Per ovvie ragioni di tifo e di territorialità, chiaramente.
E tanti di loro, quando si discorre di terzini sinistri, mi citano sempre il buon Citterio.
Che ha indossato sia la casacca della Lazio che quella del Napoli e che io ricordo decisamente meglio sul finire della carriera, da giocatore (soprattutto difensore centrale) di Ascoli, Cremonese e Brescia.

Perché il buon Filippo –Pippo per gli amici-, in effetti, è stato un ottimo fluidificante di fascia mancina, convertitosi poi in esperto e tignoso baluardo difensivo negli ultimi anni spesi sui campi da gioco.

Procediamo con ordine, come da prassi.


Filippo Citterio viene alla luce in quel di Giussano, nell’autunno del 1955.
Oggi saremmo in provincia di Monza e della Brianza, ma negli anni cinquanta il comune di riferimento dei giussanesi era Milano.
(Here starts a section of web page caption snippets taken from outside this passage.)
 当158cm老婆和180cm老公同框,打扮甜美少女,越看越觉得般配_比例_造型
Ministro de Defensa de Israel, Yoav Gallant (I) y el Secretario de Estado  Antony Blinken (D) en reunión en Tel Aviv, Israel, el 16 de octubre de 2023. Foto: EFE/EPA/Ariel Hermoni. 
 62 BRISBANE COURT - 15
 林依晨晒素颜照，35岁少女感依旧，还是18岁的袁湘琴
Il piccolo Filippo cresce a pane e pallone, ma è bravo pure a scuola.
Fisicamente alto e smilzo, corre come una lepre e e tocca la sfera con buona tecnica.
Gioca nelle squadre di quartiere e nella rappresentativa scolastica, per poi entrare nella polisportiva della Vis Nova di Giussano, ove inizia a mettere in mostra doti oltremodo intriganti per un ragazzino di neanche quattordici anni d’età.

Citterio si ferma nella Vis Nova per un quadriennio circa, prima di essere ceduto -non ancora maggiorenne- al Seregno, che bazzica le zone medio-alte della serie C.
Una buona occasione per mettersi in mostra in una categoria che spesso funge da serbatoio per compagini di caratura superiore.
E Filippo Citterio non si lascia sfuggire la chance: a Seregno disputa una ottima stagione, da titolare inamovibile e con un rendimento sorprendente, ancor di più considerando che si tratta di un esordiente in terza serie, oltretutto giovanissimo.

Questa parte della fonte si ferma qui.